そして、その要求にはそれぞれ背景にあたるものがあるというお話しもしました。
「折角掃除をしているのに、綺麗になっているとは思えない。もう少し綺麗に、塵一つないという状態にはできないものだろうか?」や「なぜ人の手で掃除機を使って掃除をしなければならないのか?何もしなくても掃除が終わらないだろうか?」といった、掃除をする人の困り事が背景にあるということ。そして、その背景から発露される「それをなんとかしたい」というのが要求の元になっている。というお話しをしました。

そう考えると、「こうならないものだろうか?」という背景に基いて「○○したい」と表現されるもの。これが要求であると考えて良さそうです。
しかし、本当にそうでしょうか?そんな簡単なものなのでしょうか?
それを確かめるために、簡単な例を用いて検証してみたいと思います。

例えば、「水が飲みたい」という状況を考えてみます。
「水が飲みたい」は、「○○したい」という表現になっていますので、一旦これを仮の要求としておきます。そして、要求には「その元となる背景にあたるものが必ずがある」という見解ですので、それを探ってみます。
この「水が飲みたい」の背景として、どのようなことが考えられるでしょうか?つまり「水が飲みたい」の理由。なぜ水が飲みたいのか?です。
ここでは、例として、その理由を、①「喉が乾いているから」と②「その水の味を知りたいから」の二つから考えてみます。

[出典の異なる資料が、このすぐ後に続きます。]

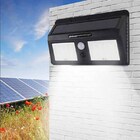 Luminaria Refletor Solar 40 Leds Sensor Jardim Corredores Noi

まずは、①「喉が乾いているから」の場合。これは「水が飲みたい。なぜならば、喉が乾いているからだ」という構図になります。
この「水が飲みたい」が真の要求なのかどうかを確かめるために、ここで一つ「その目的は?」という質問を加えてみます。
すると、背景の内容から、恐らく「喉の渇きを解消するため」という回答になるでしょう。
そこで、質問をもう一つ。「喉の渇きを解消するためには、水を飲む必要がありますか?」という質問を加えてみます。
すると、たいていは、「水でなくても、他のものでも、喉の渇きを解消することができる」という回答になるでしょう。
ということは、この場合「水が飲みたい」というのは真の要求ではなく、「喉の渇きを解消する」という目的のための一つの手段に過ぎなかったということになります。そして、「喉の渇きを解消したい」というのがここでの真の要求であり、仮の要求としたものは、目的とイコールにはならなかった。つまり、「仮の要求≠目的」という構図になるということです。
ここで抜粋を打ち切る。